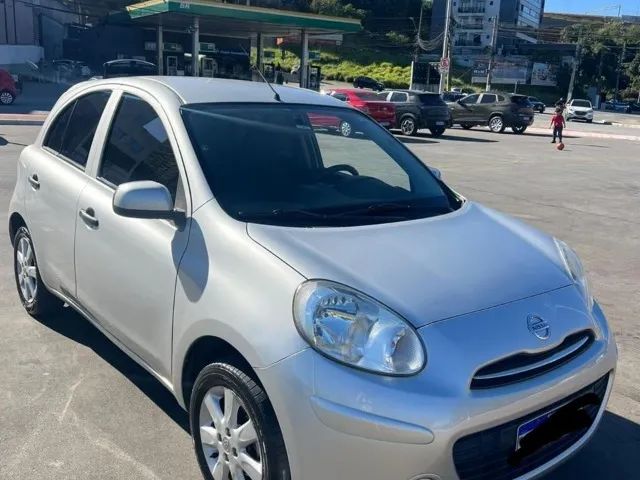Nissan March 2014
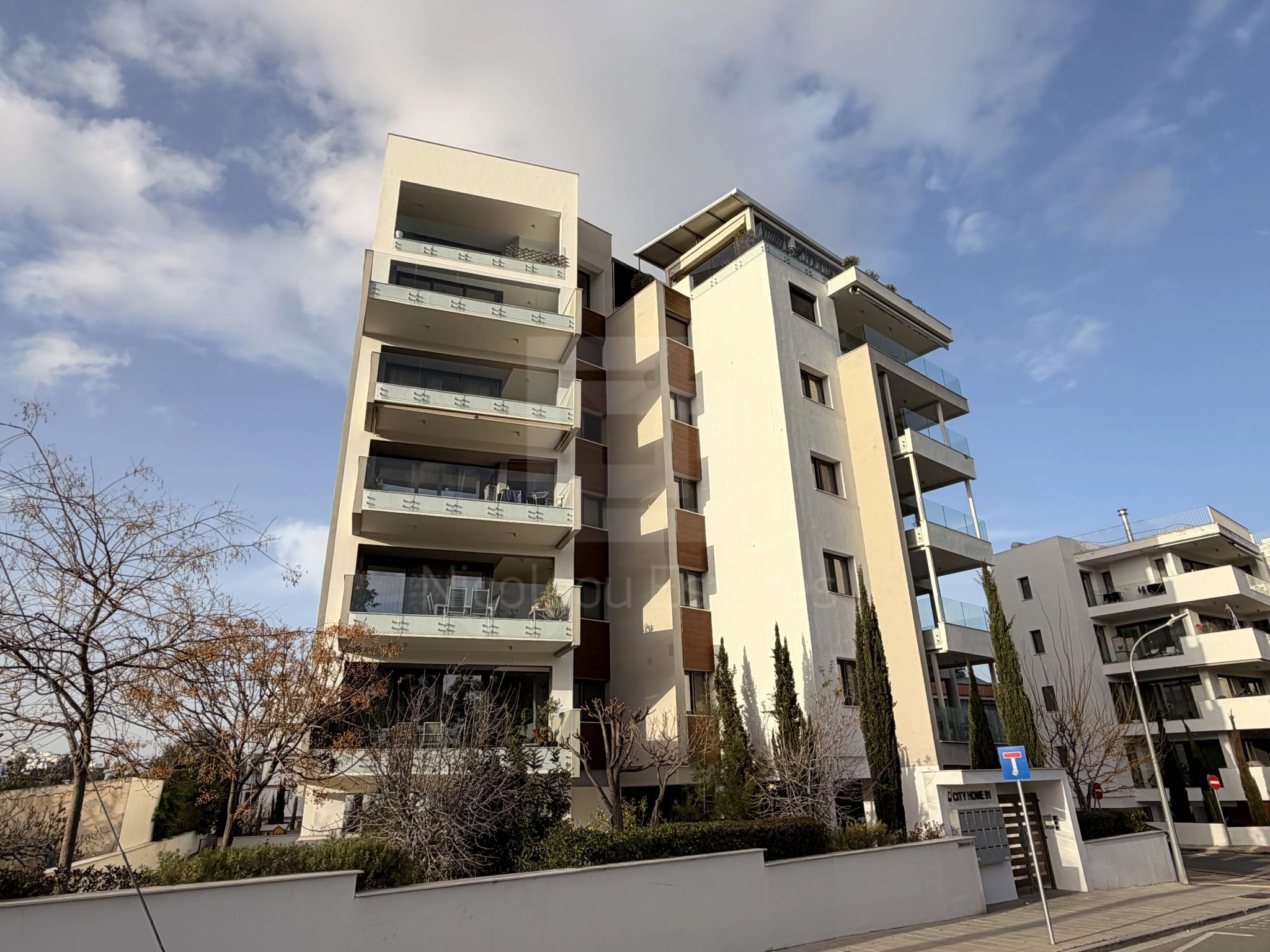 3 Bedroom Apartment for Rent in Nicosia District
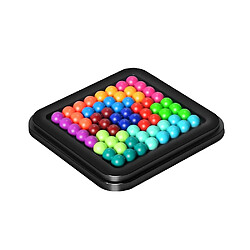 Universal Puzzle Jouets Blocs de construction en silicone Jeux de société Soulagement du stress Jouets éducatifs pas cher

---------------

■ Action item ■
Drop the pictures and copy the data exactly.

■ Solution to the exercise ■
Nissan March 2014
 3 Bedroom Apartment for Rent in Nicosia District
 Universal Puzzle Jouets Blocs de construction en silicone Jeux de société Soulagement du stress Jouets éducatifs pas cher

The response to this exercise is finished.